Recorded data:
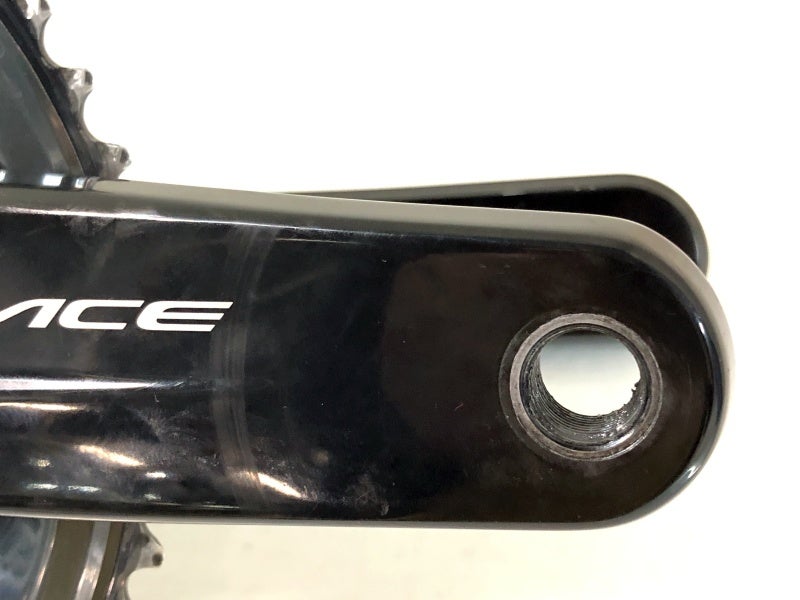 シマノ SHIMANO デュラエース DURA-ACE FC-R9100 50-34T/165mm
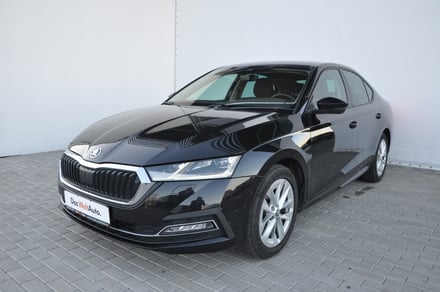 Škoda OCTAVIA STYLE 2.0 TDI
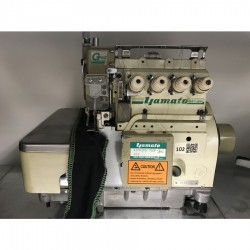 Yamato - Yamato AZ7020G-Y5DF-8/K2 4 İplik Overlok - Japon - 2.El Yamato - Yamato AZ7020G-Y5DF-8/K2 4 İplik Overlok - Japon - 2.El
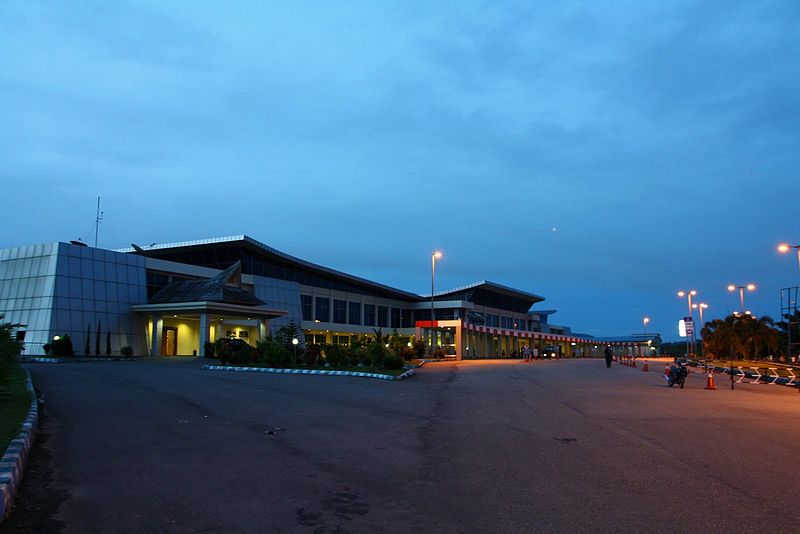 Bandara Indonesia Bandar Udara Haluoleo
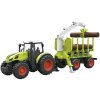 BUDDY TOYS BRC 24.512 RC Traktor ťažobný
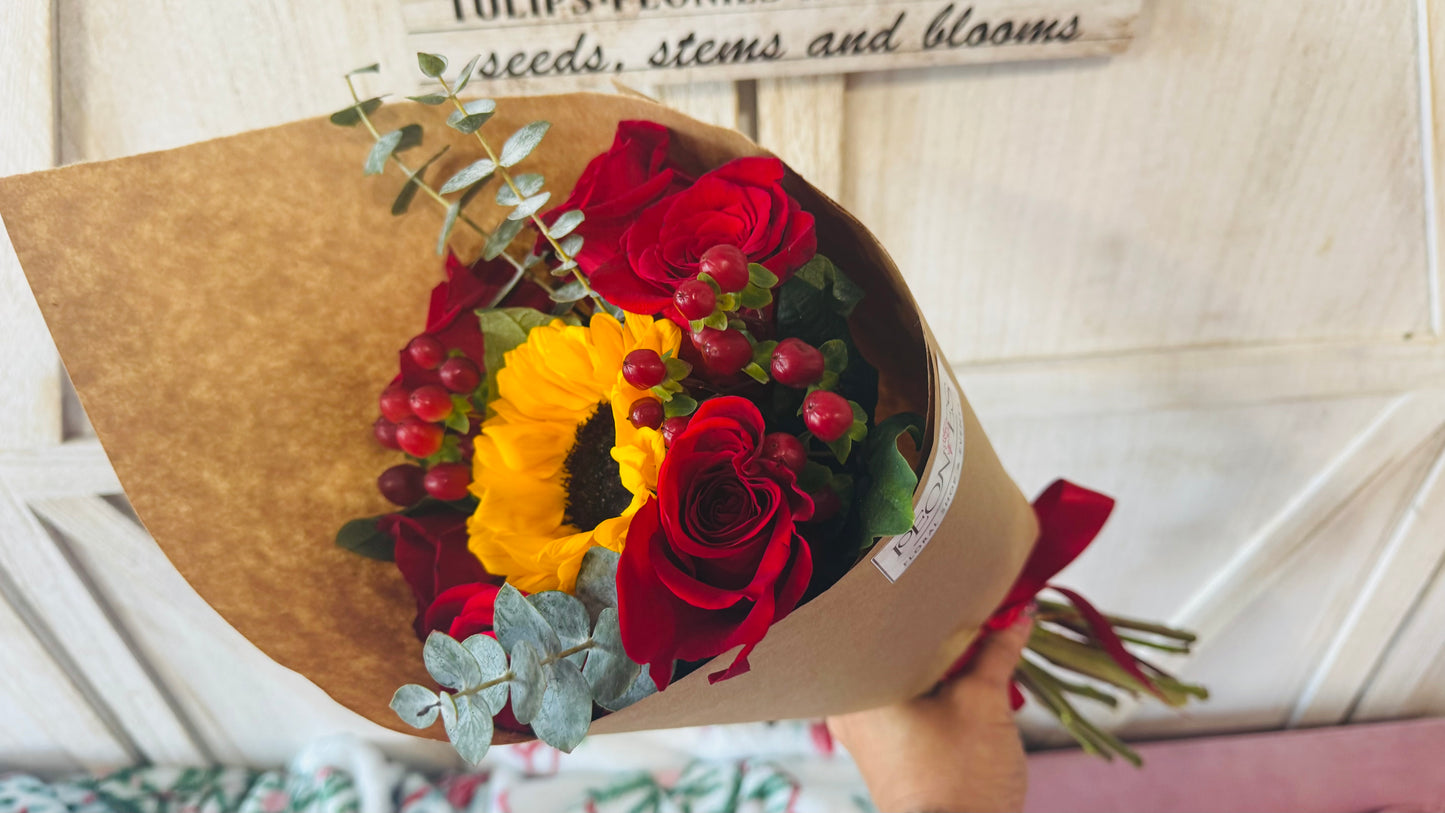 Beautiful day bouquet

### Task details
Drop every picture, then write out the remaining entries above exactly as they appear.

### The answer
 シマノ SHIMANO デュラエース DURA-ACE FC-R9100 50-34T/165mm
 Škoda OCTAVIA STYLE 2.0 TDI
 Yamato - Yamato AZ7020G-Y5DF-8/K2 4 İplik Overlok - Japon - 2.El Yamato - Yamato AZ7020G-Y5DF-8/K2 4 İplik Overlok - Japon - 2.El
 Bandara Indonesia Bandar Udara Haluoleo
 BUDDY TOYS BRC 24.512 RC Traktor ťažobný
 Beautiful day bouquet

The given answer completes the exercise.